- **Aim of the task**
Transcribe every entry word for word. Skip the pictures.

Data extracted from a collection
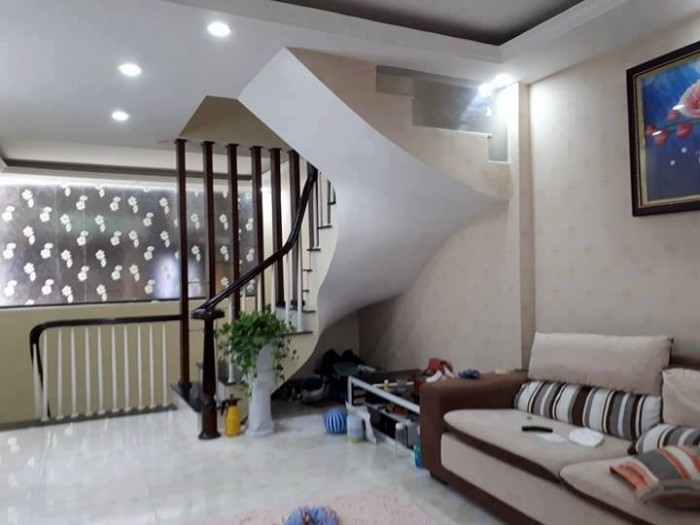 Bán gấp nhà ĐẸP Tam Trinh, 45m2, 5 tầng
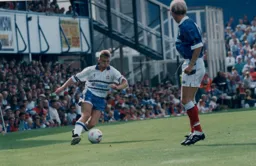 Scott Houghton takes on Mark Stimson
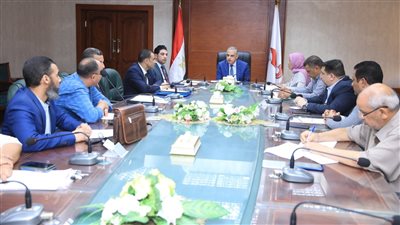 محافظ سوهاج يعقد اجتماعا لمناقشة موقف عدد من مشروعات التنمية الحضرية 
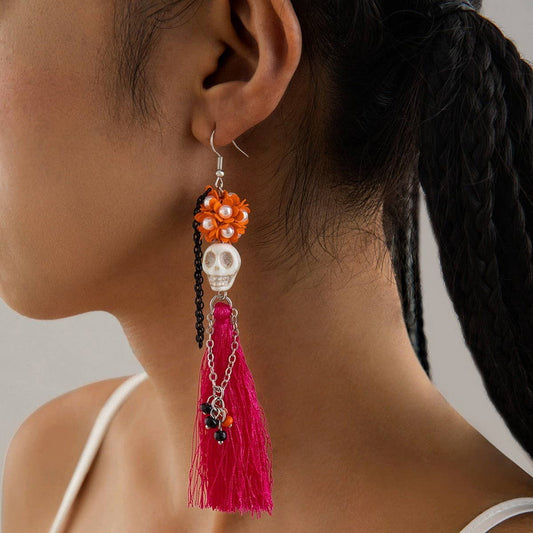 CWAJE2507_HALLOWEEN SKULL TASSEL RICE BEAD EARRINGS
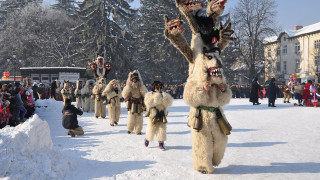 Хиляди кукери на "Старчевата 2019"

- **Finished exercise**
 Bán gấp nhà ĐẸP Tam Trinh, 45m2, 5 tầng
 Scott Houghton takes on Mark Stimson
 محافظ سوهاج يعقد اجتماعا لمناقشة موقف عدد من مشروعات التنمية الحضرية 
 CWAJE2507_HALLOWEEN SKULL TASSEL RICE BEAD EARRINGS
 Хиляди кукери на "Старчевата 2019"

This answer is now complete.